> Exercise details
The full listing, exactly as written and with no images, is the expected output.

> Data for processing
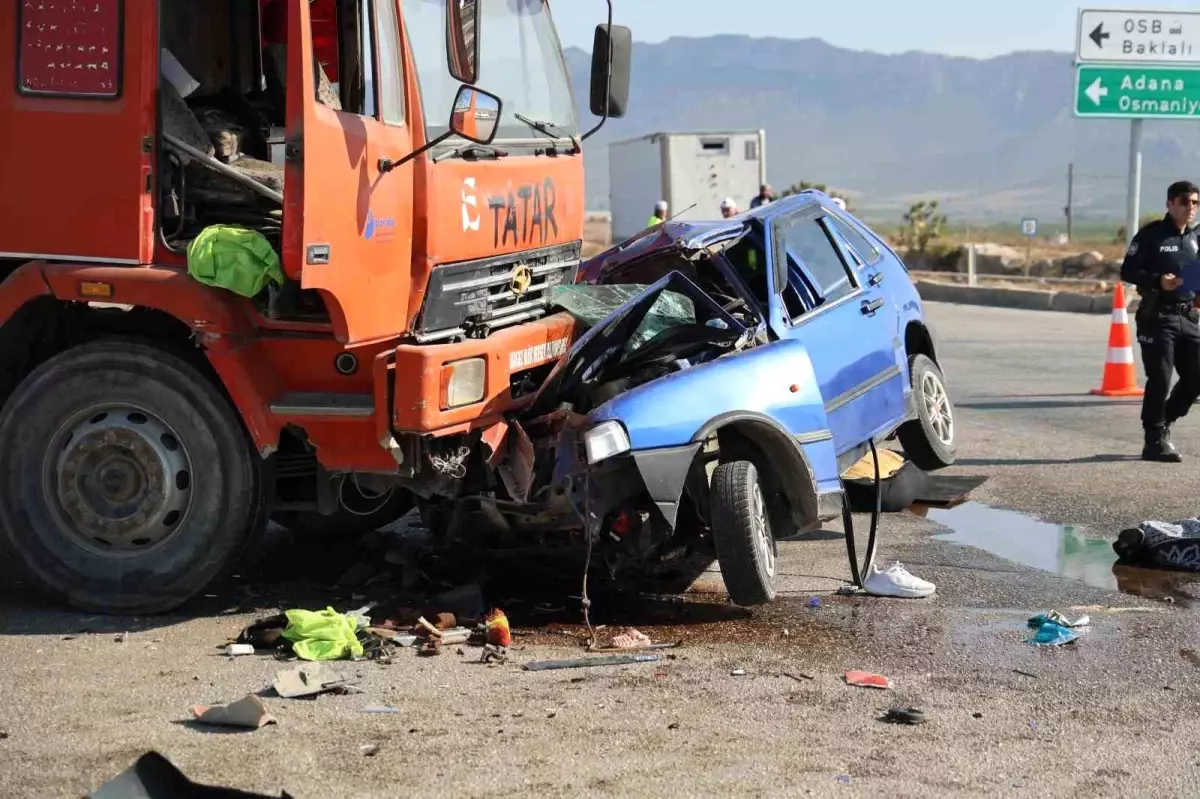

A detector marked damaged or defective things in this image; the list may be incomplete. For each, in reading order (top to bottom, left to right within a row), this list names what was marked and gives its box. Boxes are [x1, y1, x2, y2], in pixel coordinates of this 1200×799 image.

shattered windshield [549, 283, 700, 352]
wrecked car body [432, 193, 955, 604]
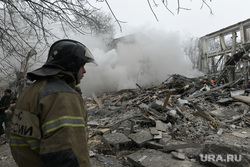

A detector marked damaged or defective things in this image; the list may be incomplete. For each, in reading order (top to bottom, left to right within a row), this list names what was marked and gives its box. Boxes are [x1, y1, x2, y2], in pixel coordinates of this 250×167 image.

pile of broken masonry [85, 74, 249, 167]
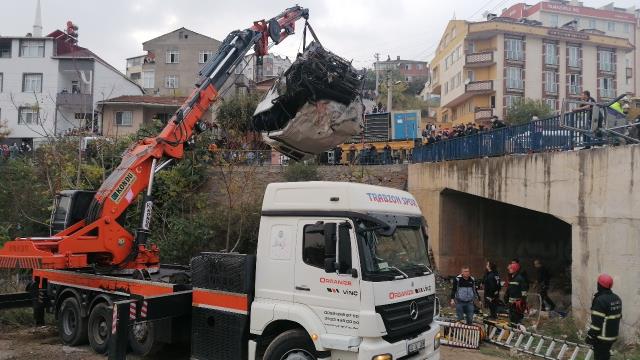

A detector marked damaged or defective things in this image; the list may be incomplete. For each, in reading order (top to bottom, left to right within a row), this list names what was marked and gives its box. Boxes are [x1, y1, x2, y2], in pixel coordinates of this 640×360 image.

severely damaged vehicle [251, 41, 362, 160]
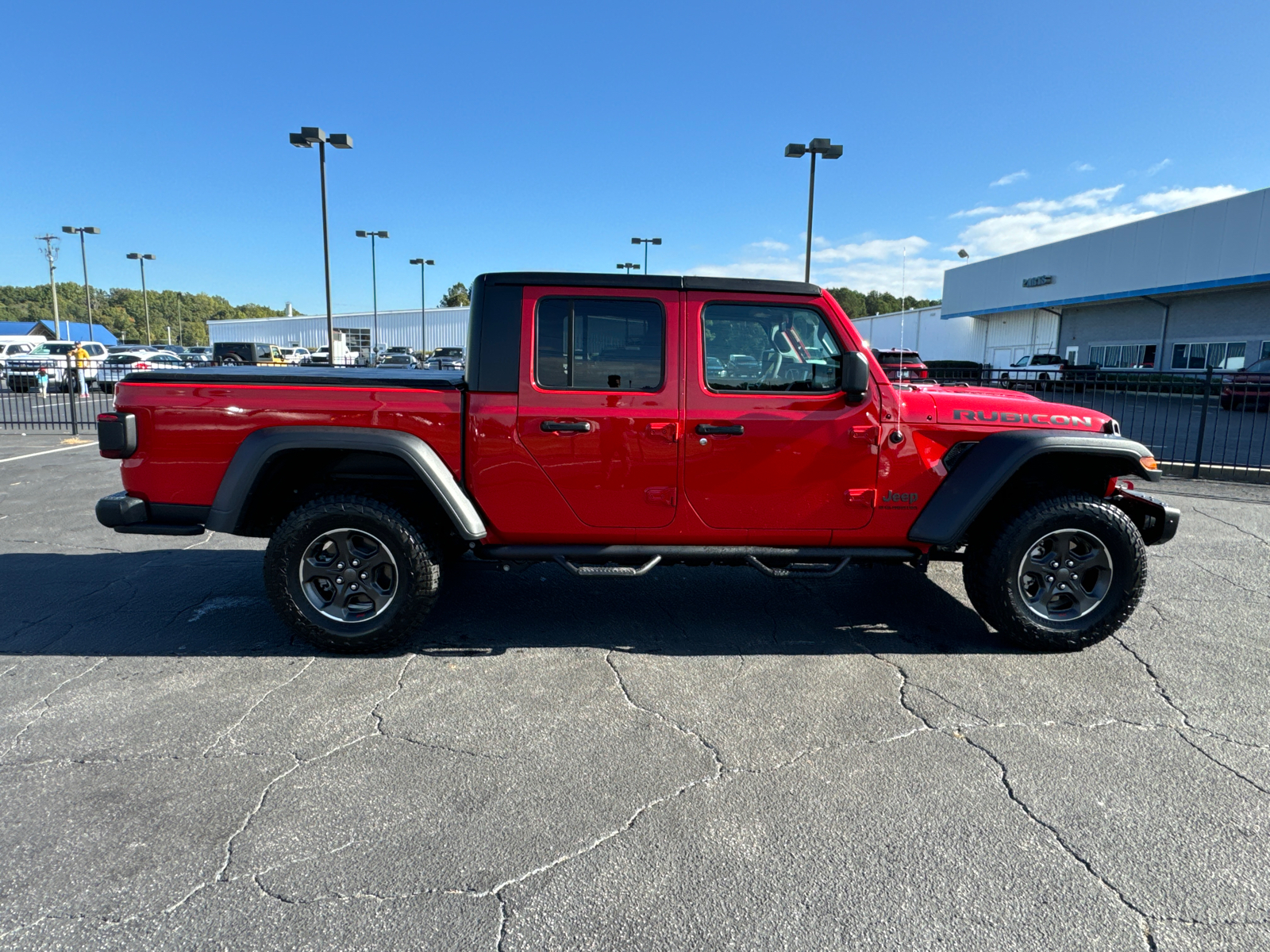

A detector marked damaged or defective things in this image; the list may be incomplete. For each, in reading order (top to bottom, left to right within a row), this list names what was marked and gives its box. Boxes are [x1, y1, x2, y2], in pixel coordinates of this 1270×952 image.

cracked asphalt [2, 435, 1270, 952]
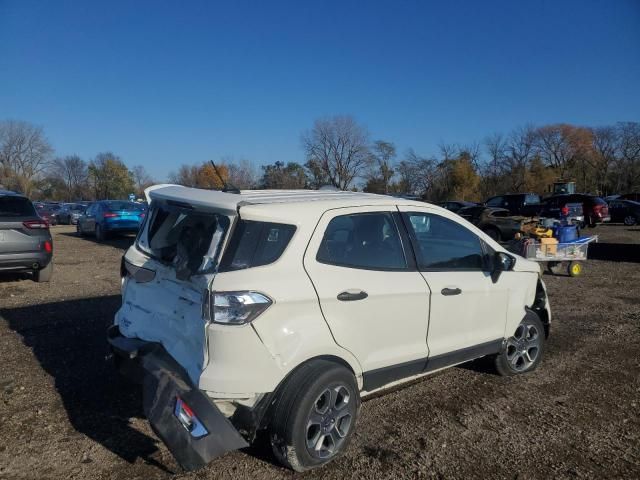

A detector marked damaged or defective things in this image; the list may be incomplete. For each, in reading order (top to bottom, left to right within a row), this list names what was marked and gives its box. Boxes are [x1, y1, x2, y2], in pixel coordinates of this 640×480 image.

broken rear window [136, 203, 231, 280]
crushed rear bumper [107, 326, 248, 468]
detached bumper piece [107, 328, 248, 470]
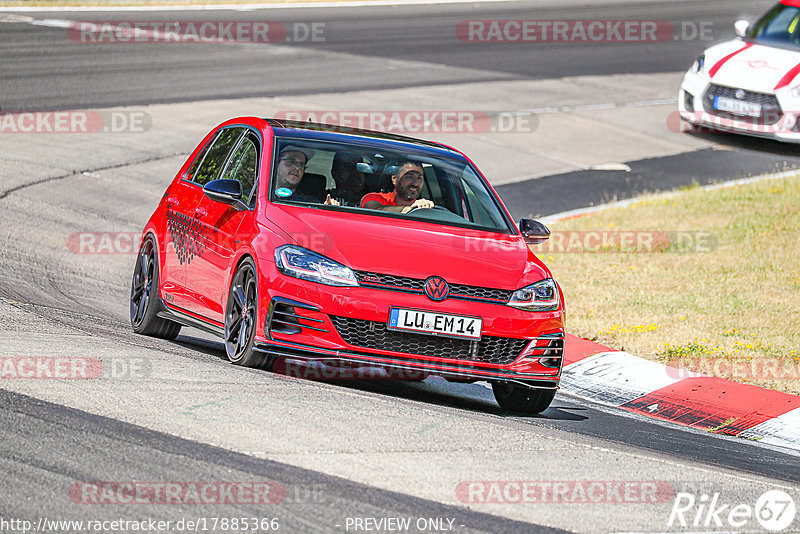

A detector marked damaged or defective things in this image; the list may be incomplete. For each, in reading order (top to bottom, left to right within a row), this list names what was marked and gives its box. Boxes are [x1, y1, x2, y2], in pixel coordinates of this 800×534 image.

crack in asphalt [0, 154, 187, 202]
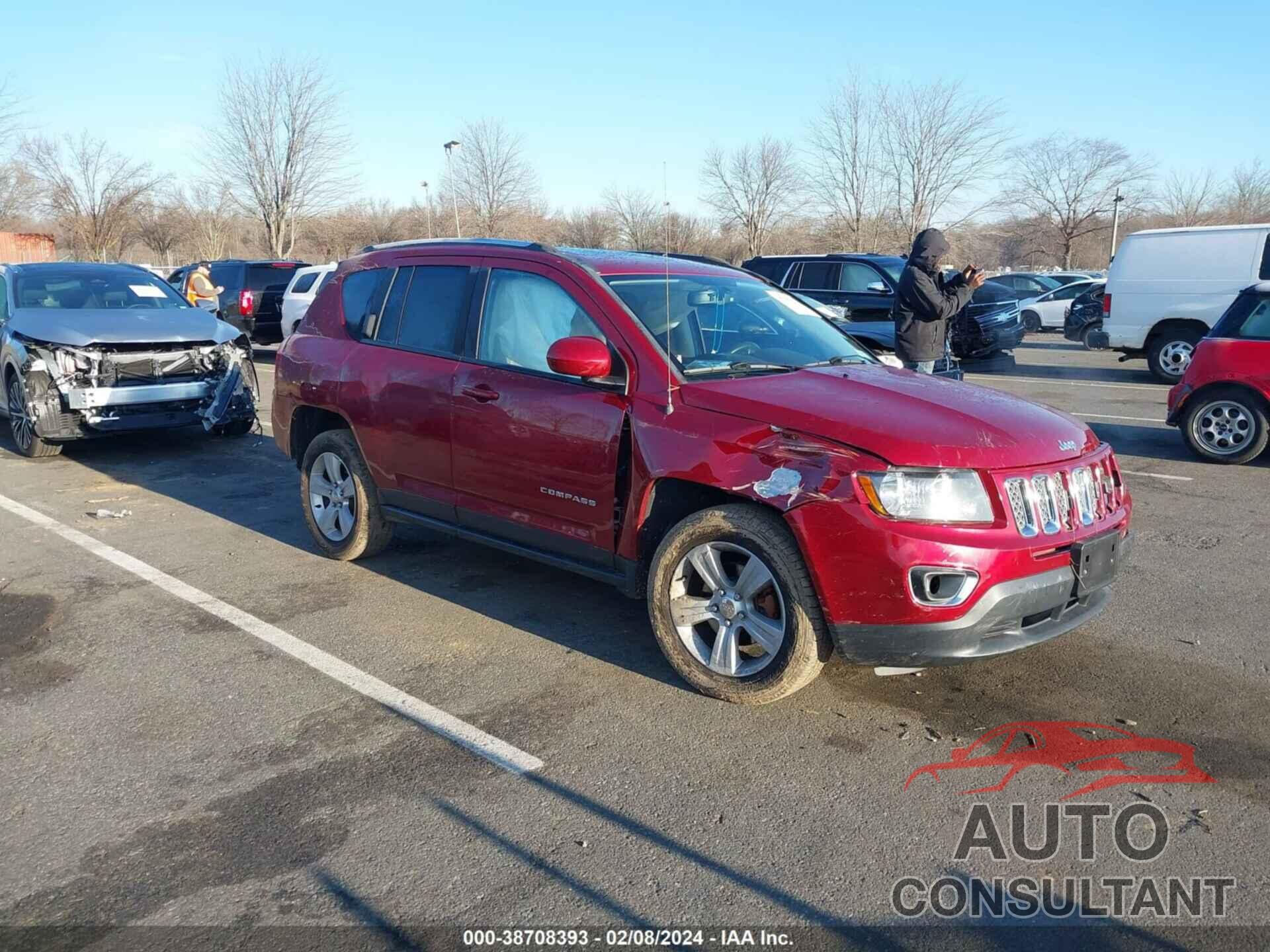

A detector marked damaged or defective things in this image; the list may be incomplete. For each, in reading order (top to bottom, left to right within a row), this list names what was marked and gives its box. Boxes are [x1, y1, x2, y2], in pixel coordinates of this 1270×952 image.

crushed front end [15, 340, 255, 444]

> Response area
A detector marked damaged or defective things in this image; the list may be incomplete. For each, in reading order (top to bottom, left to right within a row), this list names what was marked and gives its box. Boxes are [x1, y1, x2, y2], in pixel coordinates of this 1200×799 image.

shattered windshield [549, 283, 700, 352]
wrecked car body [432, 193, 955, 604]

A detector marked damaged or defective things in this image; the list may be incomplete. For each, in reading order (top to bottom, left to right within a row), this list names what was marked and gives its box. Boxes are [x1, y1, x2, y2], in pixel coordinates of this 250×167 image.

pile of broken masonry [85, 74, 249, 167]

A detector marked damaged or defective things in this image; the list may be incomplete. For each, in reading order (top to bottom, left to right within a row), this list names what was marked and gives its box. Boxes are [x1, y1, x2, y2], in pixel coordinates of this 640×360 image.

severely damaged vehicle [251, 41, 362, 160]

A detector marked damaged or defective things in this image; the list may be incomplete. For each, in reading order (top to bottom, left to right within a row), this list names what was marked and gives its box. Boxes are [x1, y1, x2, y2], in pixel coordinates of this 1270×952 image.

cracked asphalt [2, 435, 1270, 952]

A detector marked damaged or defective things in this image; the list may be incomplete. For each, in reading order (top to bottom, left to right within a row), this list names what was marked and gives its box. Boxes are [x1, y1, x2, y2], in pixel coordinates of this 640×480 image.

broken rear window [136, 203, 231, 280]
crushed rear bumper [107, 326, 248, 468]
detached bumper piece [107, 328, 248, 470]

A detector marked damaged or defective things in this image; the list may be incomplete. For each, in reading order (top to bottom, left to right within a row), this list names what was marked and gives its box. Boxes are [x1, y1, x2, y2], in pixel coordinates of this 800×534 image.

crack in asphalt [0, 154, 187, 202]

A detector marked damaged or defective things in this image; the list may be incomplete. For each, in reading order (top to bottom, left to right within a row), this list names what was marked and gives its box. Boxes are [x1, y1, x2, y2], in pixel coordinates of this 1270×952 image.

crushed front end [15, 340, 255, 444]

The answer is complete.